### Input data
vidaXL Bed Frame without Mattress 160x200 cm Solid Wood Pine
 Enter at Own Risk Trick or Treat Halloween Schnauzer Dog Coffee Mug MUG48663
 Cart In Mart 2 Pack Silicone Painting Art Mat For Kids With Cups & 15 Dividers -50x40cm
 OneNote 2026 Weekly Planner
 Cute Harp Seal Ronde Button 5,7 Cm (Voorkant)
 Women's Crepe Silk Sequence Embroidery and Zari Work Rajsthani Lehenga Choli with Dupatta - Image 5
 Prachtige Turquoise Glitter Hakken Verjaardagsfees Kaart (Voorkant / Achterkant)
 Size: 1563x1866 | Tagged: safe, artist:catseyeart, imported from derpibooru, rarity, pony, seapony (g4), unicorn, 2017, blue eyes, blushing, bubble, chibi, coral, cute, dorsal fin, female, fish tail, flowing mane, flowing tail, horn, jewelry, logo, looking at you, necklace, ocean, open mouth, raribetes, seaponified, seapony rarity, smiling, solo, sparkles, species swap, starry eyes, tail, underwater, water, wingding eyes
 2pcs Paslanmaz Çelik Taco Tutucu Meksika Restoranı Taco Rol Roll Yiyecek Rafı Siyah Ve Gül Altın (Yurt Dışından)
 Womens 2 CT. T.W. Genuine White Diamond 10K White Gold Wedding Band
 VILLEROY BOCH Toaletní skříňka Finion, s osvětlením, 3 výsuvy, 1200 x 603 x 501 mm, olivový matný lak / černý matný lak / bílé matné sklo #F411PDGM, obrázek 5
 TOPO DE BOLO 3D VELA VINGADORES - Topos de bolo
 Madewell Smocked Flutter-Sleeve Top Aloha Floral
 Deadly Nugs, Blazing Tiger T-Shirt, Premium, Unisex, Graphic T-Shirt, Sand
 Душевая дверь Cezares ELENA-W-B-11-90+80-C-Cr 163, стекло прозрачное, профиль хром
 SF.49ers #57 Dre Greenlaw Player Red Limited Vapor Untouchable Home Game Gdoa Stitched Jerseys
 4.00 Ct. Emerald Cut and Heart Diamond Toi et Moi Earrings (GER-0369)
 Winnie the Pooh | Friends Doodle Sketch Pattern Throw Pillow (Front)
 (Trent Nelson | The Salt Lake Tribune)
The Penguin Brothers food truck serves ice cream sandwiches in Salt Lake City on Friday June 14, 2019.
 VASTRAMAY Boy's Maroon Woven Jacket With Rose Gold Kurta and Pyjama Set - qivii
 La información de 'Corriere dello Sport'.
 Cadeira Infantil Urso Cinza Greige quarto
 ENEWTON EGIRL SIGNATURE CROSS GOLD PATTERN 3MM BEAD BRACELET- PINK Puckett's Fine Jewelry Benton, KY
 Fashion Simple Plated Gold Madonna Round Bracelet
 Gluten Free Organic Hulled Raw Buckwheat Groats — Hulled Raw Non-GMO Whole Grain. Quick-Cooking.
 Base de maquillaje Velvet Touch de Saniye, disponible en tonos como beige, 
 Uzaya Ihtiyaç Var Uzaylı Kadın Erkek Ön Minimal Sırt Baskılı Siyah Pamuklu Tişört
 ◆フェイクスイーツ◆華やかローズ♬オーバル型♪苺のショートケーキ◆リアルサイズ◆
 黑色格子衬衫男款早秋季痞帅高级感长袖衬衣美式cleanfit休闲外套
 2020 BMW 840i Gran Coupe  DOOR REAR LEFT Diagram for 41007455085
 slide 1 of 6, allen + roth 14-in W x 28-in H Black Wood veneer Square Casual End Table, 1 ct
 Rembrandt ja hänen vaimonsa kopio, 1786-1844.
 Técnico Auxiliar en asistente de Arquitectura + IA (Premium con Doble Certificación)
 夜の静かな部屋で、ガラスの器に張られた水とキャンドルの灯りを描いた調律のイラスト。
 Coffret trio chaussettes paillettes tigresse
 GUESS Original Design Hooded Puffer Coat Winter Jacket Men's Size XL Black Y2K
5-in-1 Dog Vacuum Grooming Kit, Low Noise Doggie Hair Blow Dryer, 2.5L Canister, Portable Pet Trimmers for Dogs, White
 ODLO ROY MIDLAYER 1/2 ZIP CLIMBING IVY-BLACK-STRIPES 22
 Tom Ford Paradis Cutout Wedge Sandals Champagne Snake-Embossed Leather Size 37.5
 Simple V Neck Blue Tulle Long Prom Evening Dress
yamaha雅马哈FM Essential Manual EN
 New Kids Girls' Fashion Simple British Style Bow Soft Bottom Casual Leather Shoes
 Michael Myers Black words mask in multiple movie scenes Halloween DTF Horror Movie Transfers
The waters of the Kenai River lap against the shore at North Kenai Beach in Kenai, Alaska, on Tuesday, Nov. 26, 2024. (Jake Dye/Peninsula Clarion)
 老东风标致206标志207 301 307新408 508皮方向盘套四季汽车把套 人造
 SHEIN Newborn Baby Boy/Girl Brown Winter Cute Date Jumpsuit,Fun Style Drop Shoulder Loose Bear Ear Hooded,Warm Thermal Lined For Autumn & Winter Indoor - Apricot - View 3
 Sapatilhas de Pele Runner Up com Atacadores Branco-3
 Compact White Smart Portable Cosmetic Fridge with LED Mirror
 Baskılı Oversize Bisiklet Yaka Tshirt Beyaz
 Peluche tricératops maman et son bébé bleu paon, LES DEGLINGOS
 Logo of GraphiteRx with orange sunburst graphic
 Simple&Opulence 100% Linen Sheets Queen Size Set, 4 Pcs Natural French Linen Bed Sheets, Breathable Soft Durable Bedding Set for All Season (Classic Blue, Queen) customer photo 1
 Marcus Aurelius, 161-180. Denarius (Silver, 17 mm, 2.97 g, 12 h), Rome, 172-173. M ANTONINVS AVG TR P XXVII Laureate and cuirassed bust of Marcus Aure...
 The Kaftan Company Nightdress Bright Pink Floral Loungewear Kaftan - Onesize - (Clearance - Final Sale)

### Task directions
The entries above hold a line with "Madewell Smocked Flutter-Sleeve" and a later line with "(Trent Nelson | The Salt Lake Tribune)". Write out exactly those lines and all lines between, nothing more.

### The completed task
 Madewell Smocked Flutter-Sleeve Top Aloha Floral
 Deadly Nugs, Blazing Tiger T-Shirt, Premium, Unisex, Graphic T-Shirt, Sand
 Душевая дверь Cezares ELENA-W-B-11-90+80-C-Cr 163, стекло прозрачное, профиль хром
 SF.49ers #57 Dre Greenlaw Player Red Limited Vapor Untouchable Home Game Gdoa Stitched Jerseys
 4.00 Ct. Emerald Cut and Heart Diamond Toi et Moi Earrings (GER-0369)
 Winnie the Pooh | Friends Doodle Sketch Pattern Throw Pillow (Front)
 (Trent Nelson | The Salt Lake Tribune)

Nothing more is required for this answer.